TASK DIRECTIONS: With the pictures removed, reproduce exactly the lines from the one that contains "Una sala moderna" through the last line of the entries below.

[Short descriptive text snippets]

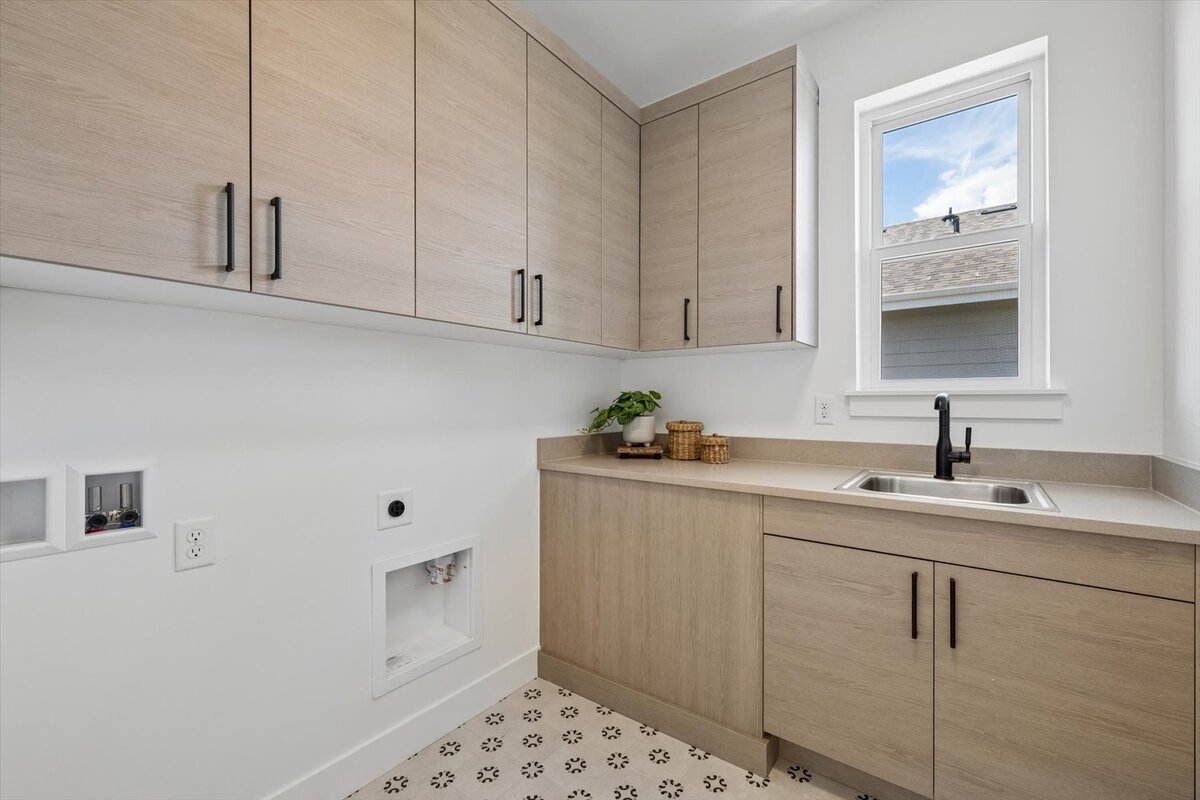 Sheffield Plan 3481-laundry room with custom tile flooring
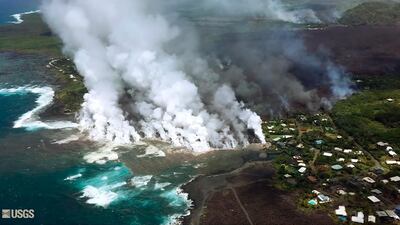 Lava from a fissure flowing into the ocean at Kapoho Bay on the island of Hawaii. After overrunning the town overnight and destroying hundreds of homes, the lava flowed into the shallow bay and had nearly filled it. US Geological Survey via AP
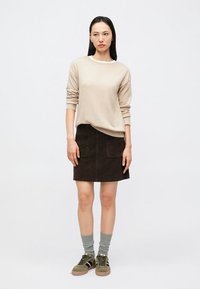 Μπεζ πουλόβερ, σκούρα καφέ σουέντ φούστα με δύο μπροστινές τσέπες, γκρι πλεκτές κάλτσες και πράσινα αθλητικά παπούτσια σε ουδέτερο φόντο.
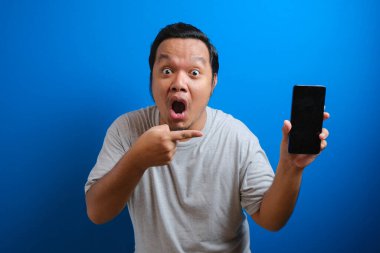 Gri tişörtlü, cep telefonunu işaret eden ve kameraya hayretle bakan, mobil veri tarifelerine şaşırmış şişman Asyalı adamın portresi. Stüdyo çekimi mavi arkaplanda izole edildi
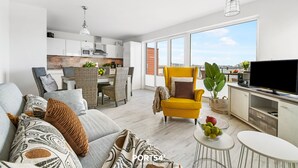 Una sala moderna con sofá, sillones, comedor y cocina.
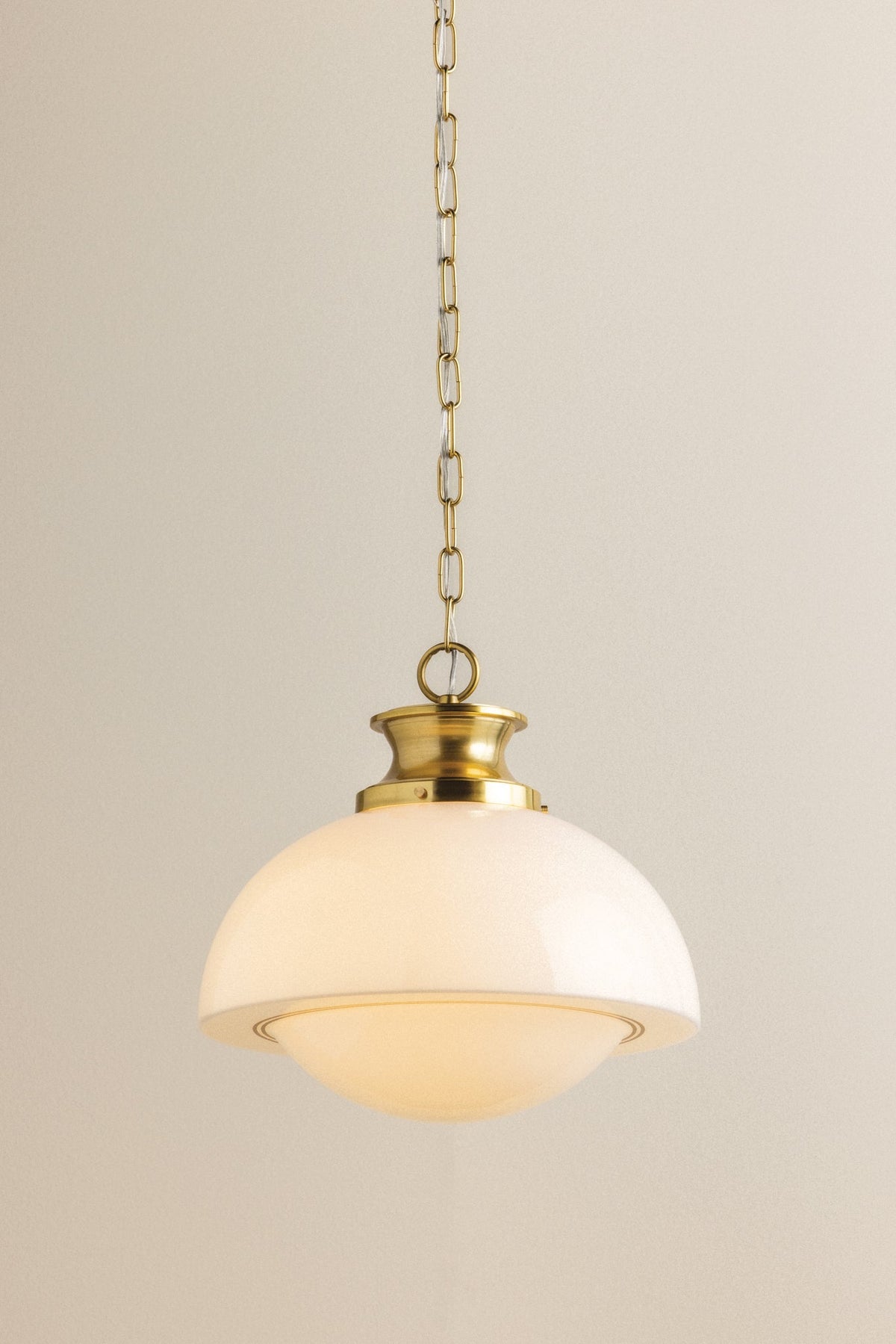 Celine mid-century pendant light with a domed opal glass shade and gold chain.
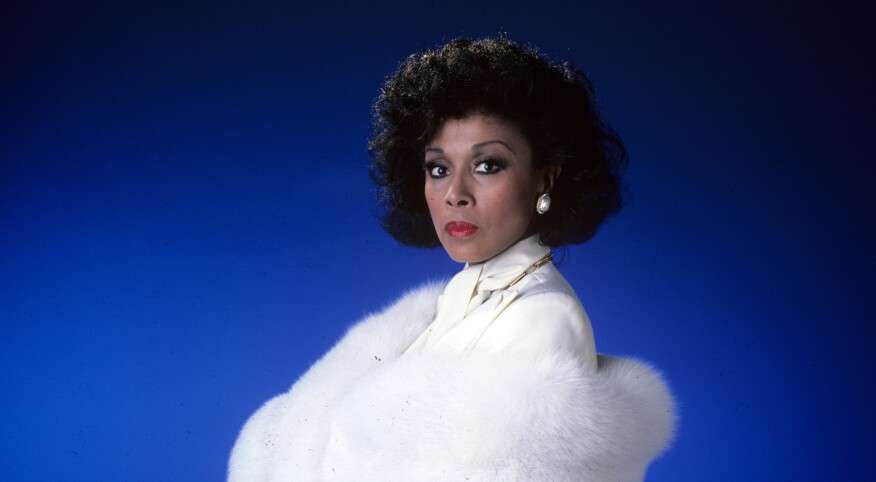 Diahann Carroll on blue background in white suit from TV show Dynasty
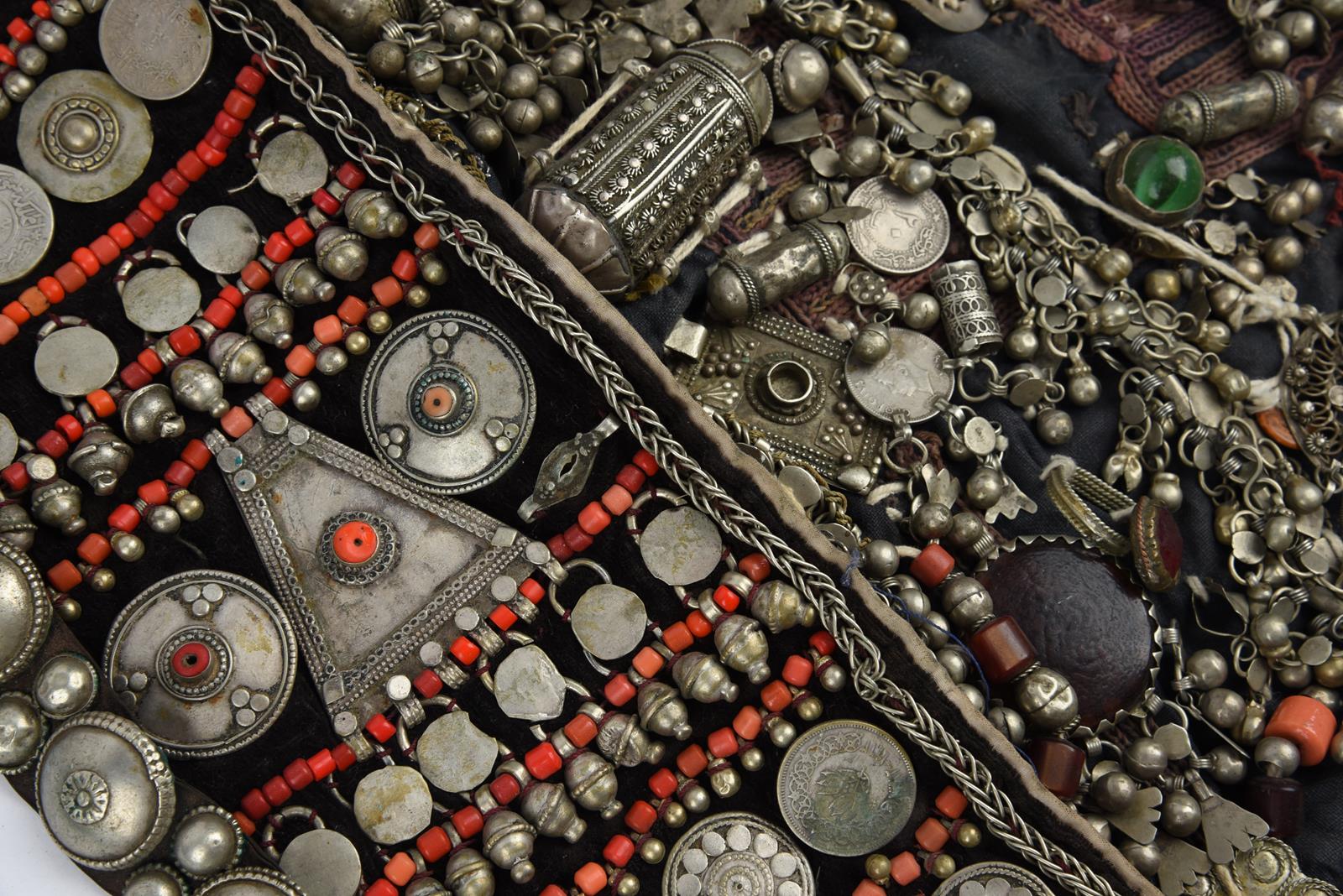 λA Bedouin amulet chest ornament cloth with numerous sewn on amulets and beads, 62cm long, and three - Image 3 of 27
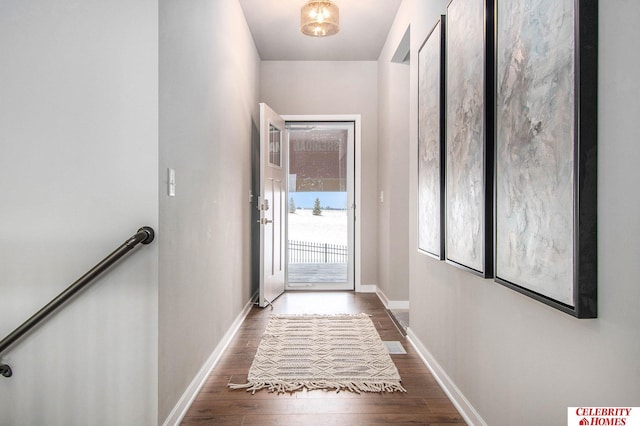 doorway with baseboards and wood finished floors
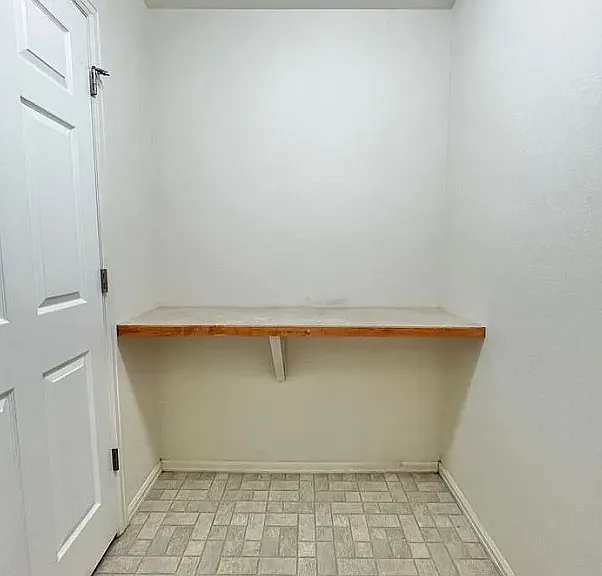 In the laundry room, a counter is built in opposite the washer and dryer.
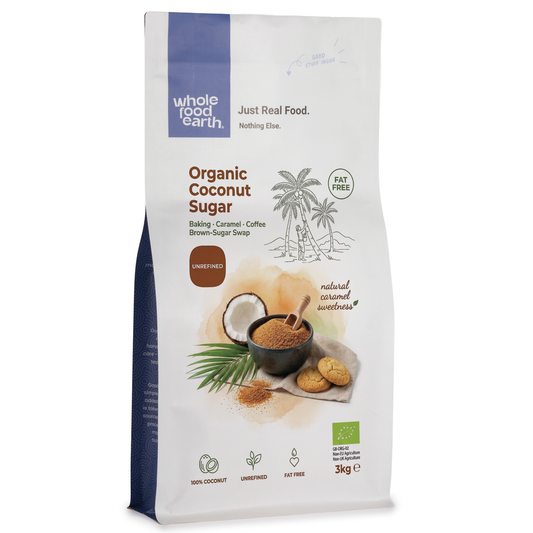 Organic coconut sugar in a clear glass jar from Whole Food Earth, showing the light brown, granulated sugar inside.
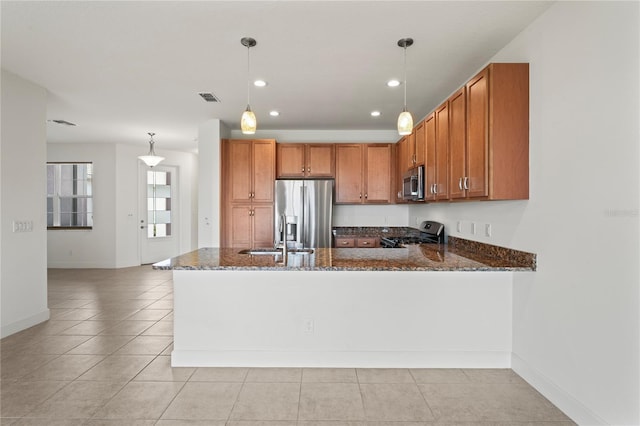 kitchen featuring appliances with stainless steel finishes, brown cabinetry, hanging light fixtures, and a peninsula
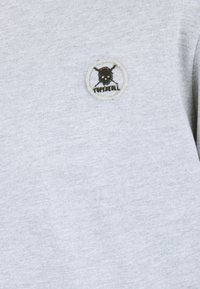 Sudadera gris con un parche bordado circular que presenta un diseño de calavera y huesos cruzados, delineado en beige. Tejido suave y texturizado.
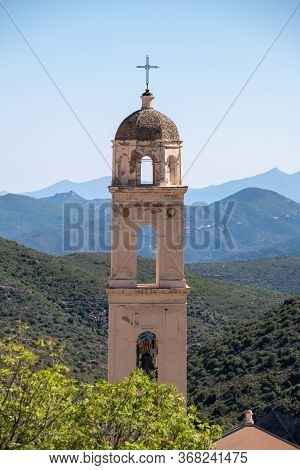 Church Bell Tower With Pebbled Dome In The Ancient Mountain Village Of Palasca In The Balagne Region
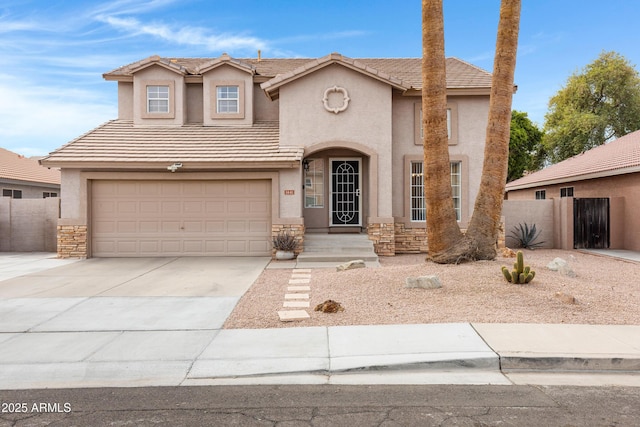 view of front facade with stone siding, stucco siding, driveway, and fence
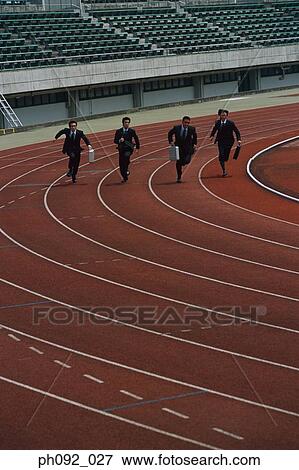 Stock Photo - Businessmen sprinting, carrying briefcases. Fotosearch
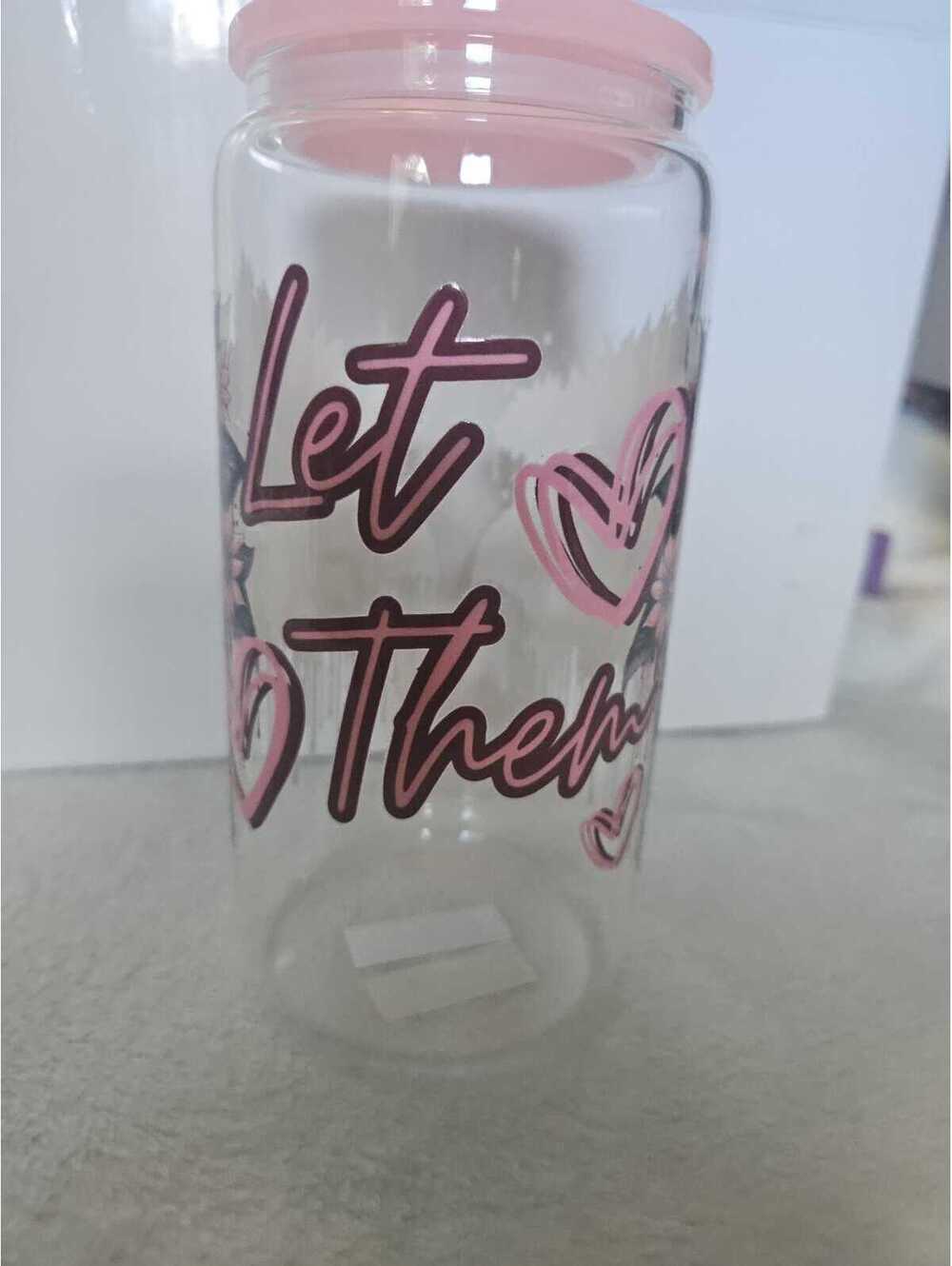 16 oz glass cup with acrylic Lid. Comes w/ straw and straw cleaner.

RESULT FOR THIS TASK:
 Una sala moderna con sofá, sillones, comedor y cocina.
 Celine mid-century pendant light with a domed opal glass shade and gold chain.
 Diahann Carroll on blue background in white suit from TV show Dynasty
 λA Bedouin amulet chest ornament cloth with numerous sewn on amulets and beads, 62cm long, and three - Image 3 of 27
 doorway with baseboards and wood finished floors
 In the laundry room, a counter is built in opposite the washer and dryer.
 Organic coconut sugar in a clear glass jar from Whole Food Earth, showing the light brown, granulated sugar inside.
 kitchen featuring appliances with stainless steel finishes, brown cabinetry, hanging light fixtures, and a peninsula
 Sudadera gris con un parche bordado circular que presenta un diseño de calavera y huesos cruzados, delineado en beige. Tejido suave y texturizado.
 Church Bell Tower With Pebbled Dome In The Ancient Mountain Village Of Palasca In The Balagne Region
 view of front facade with stone siding, stucco siding, driveway, and fence
 Stock Photo - Businessmen sprinting, carrying briefcases. Fotosearch
 16 oz glass cup with acrylic Lid. Comes w/ straw and straw cleaner.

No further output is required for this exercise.